Antica Pizzeria Port 'Alba in Naples

Until about 1830, pizza was sold from open-air stands and street vendors out of pizza bakeries, a tradition that is still kept alive today by some pizzerie. Antica Pizzeria Port’Alba in Naples is widely regarded as the world's first pizzeria. They started producing pizzas for peddlers in 1738, but expanded to a pizza restaurant with chairs and tables in 1830, and still serve pizza from the same premises today.[2]

A description of pizza in Naples around 1830 is given by the French writer Alexandre Dumas, père in his work Le Corricolo, in which he wrote that pizza was the only food of the humble people in Naples during winter, and that "in Naples pizza is flavored with oil, lard, tallow, cheese, tomato, or anchovies."[3]

Authentic Neapolitan Pizza Marinara.

Purists, like the famous pizzeria Da Michele (founded 1870) consider there to be only two true pizzas—the “Marinara” and the “Margherita”—and that is all they serve.[4] The marinara is the oldest and has a topping of tomato, oregano, garlic, extra virgin olive oil, and usually basil. It was named marinara not, as many believe, because it has seafood on it (which it does not), but because it was the food the fishermen ate when they returned home from fishing trips in the Bay of Naples. The Margherita is attributed to baker Raffaele Esposito. In 1889, he baked three different pizzas for the visit of King Umberto I and Queen Margherita of Savoy. The Queen's favorite was a pizza evoking the colors of the Italian flag—green (basil leaves), white (mozzarella), and red (tomatoes). This combination was named Pizza Margherita in her honor.[5]

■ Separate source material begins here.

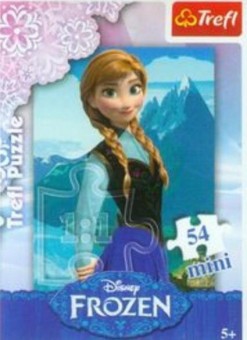 Mini puzzle  Anna - Frozen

Today, there are many famous pizzerias in Naples where these traditional pizzas can be found; most of them are located in the ancient historical center of Naples.

United States

Lombardi's Pizza at 32 Spring Street in Little Italy, Manhattan

Pizza first made its appearance in the United States with the arrival of Italian immigrants in the late-nineteenth century. In cities with large Italian populations, such as San Francisco, Chicago, New York City, and Philadelphia pizza was first sold on the streets of Italian neighborhoods.

The first "official" pizzeria is generally believed to have been founded by Gennaro Lombardi in Little Italy in New York. Gennaro Lombardi opened a grocery store in 1897 which later was established as the first pizzeria in America in 1905 with New York's issuance of the mercantile license. An employee of his, Antonio Totonno Pero, began making pizza for the store to sell that same year. The price for an entire pizza was five cents, but since many people could not afford the cost of a whole pie, they could instead say how much they could pay and they were given a slice corresponding to the amount offered. In 1924, Totonno left Lombardi's to open his own pizzeria on Coney Island called Totonno's. While the original Lombardi's closed its doors in 1984, it was reopened in 1994 just down the street and is run by Lombardi's grandson.

Pizza was brought to the Trenton area of New Jersey with Joe's Tomato Pies opening in 1910, followed soon by Papa's Tomato Pies in 1912. In 1936, Delorenzo's Tomato Pies was opened. While Joe's Tomato Pies has since closed, both Papa's and Delorenzo's have been run by the same families since their openings and remain popular in the area. Frank Pepe Pizzeria Napoletana in New Haven, Connecticut, was another early pizzeria which opened in 1925 (after the owner served pies from local carts and bakeries for 20 to 25 years), and is famous for its New Haven-style clam pie. Frank Pepe's nephew Sal Consiglio opened a competing store, Sally's, on the other end of the block, in 1938. Both establishments are still run by descendants of the original family. The D'Amore family introduced pizza to Los Angeles in 1939.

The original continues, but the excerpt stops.